Next Monday (March 9) the Roy J. Smith Barnyardgrass Workshop will be held at the Grand Prairie Center in Stuttgart, Ark.
The reasons for the seminar are many.
“What’s really driving concern is the current lack of options to deal with barnyardgrass in rice,” says Bob Scott, University of Arkansas weed scientist. “It seems that somehow, no matter what we do, barnyardgrass continues to be our biggest weed problem.”
The last big new development in weed science for rice, says Scott, was probably the introduction of Clearfield rice in 2002. “Before that, Command came out in 2000. So, here we are in 2015 and the last foundation-type herbicide or technology is going on 13 years old.
“Now, Aim, Grasp, Clincher and Regiment and other products have come into the market. But they aren’t what I consider base grass control programs like Propanil and Facet in the past. We need a major game-changer.”
Producers have been educated on how to best control these weeds – and many do a lot of crop rotation. “The fact that Clearfield rice has lasted as long as it has is a testament to how well many producers have managed to prevent resistance developing. They’ve used multiple herbicides in-season.
“However, what’s alarmed us lately comes from the herbicide resistance screening program. That University of Arkansas program is pretty extensive for barnyardgrass and other weeds. What’s been found is a sudden upswing in ALS-resistant barnyardgrass populations. ALS herbicides include Newpath – used in Clearfield rice – and Beyond along with Regiment and Grasp.
“That’s why we want to get in front of this resistance as quickly as possible and alert producers to the danger. These tools we’ve been using a lot need to be protected, we all need to be on the same page, we need make sure we’re rotating chemistries as much as possible.”
Also worrying is the recent discovery, in both Arkansas and Mississippi, of the first ACCase-resistant barnyardgrass. “Those small populations are resistant to Clincher and RiceStar.

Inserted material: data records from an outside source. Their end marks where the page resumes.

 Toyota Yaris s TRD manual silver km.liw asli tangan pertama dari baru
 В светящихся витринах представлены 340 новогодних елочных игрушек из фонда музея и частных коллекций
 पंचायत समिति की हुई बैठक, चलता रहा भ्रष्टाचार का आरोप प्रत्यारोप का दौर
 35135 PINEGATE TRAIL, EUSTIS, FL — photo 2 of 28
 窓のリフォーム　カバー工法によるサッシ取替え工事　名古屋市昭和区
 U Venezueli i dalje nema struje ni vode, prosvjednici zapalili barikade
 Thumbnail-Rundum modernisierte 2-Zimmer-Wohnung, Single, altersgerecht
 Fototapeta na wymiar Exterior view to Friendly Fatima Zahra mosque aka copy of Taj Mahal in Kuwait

Even though the problem is hardly widespread they’re setting off alarm bells.”
Another thing that producers need to know about is the development of several new rice herbicides. “We’ll have some new tools between now and the end of the decade. The first, Aim, was introduced last year as a broadleaf herbicide although it also has some activity on ALS-resistant sedges, another big problem. The other new technologies coming will, we feel, be similar to Command and Newpath and they will be a big deal when they hit the market. At least two of them represent completely new modes of action for rice.
“This symposium planning has really been a cooperative effort but Jason Norsworthy (University of Arkansas weed scientist) has been the catalyst for it. He does a super job running the resistance screening program.”
The workshop -- co-sponsored with Delta Farm Press -- will begin at 9:30 a.m. and run through 3:00 p.m. Presenters will highlight the most current research and information on management of barnyardgrass in all Southern crops. In addition to speakers from Arkansas, barnyardgrass experts from Mississippi, Louisiana, and Texas will present. Little Cypress will cater lunch which will consist of chicken and sausage gumbo, cajun crawfish maux choux, boiled potatoes, corn, mushrooms, and sausage. Numerous companies have stepped forward and donated door prizes.
The event is free and while preregistration is not required, it is preferred to help with planning for lunch. You can preregister for the meeting by emailing firstname.lastname@example.org.
Four hours of CEUs will be available for those that attend.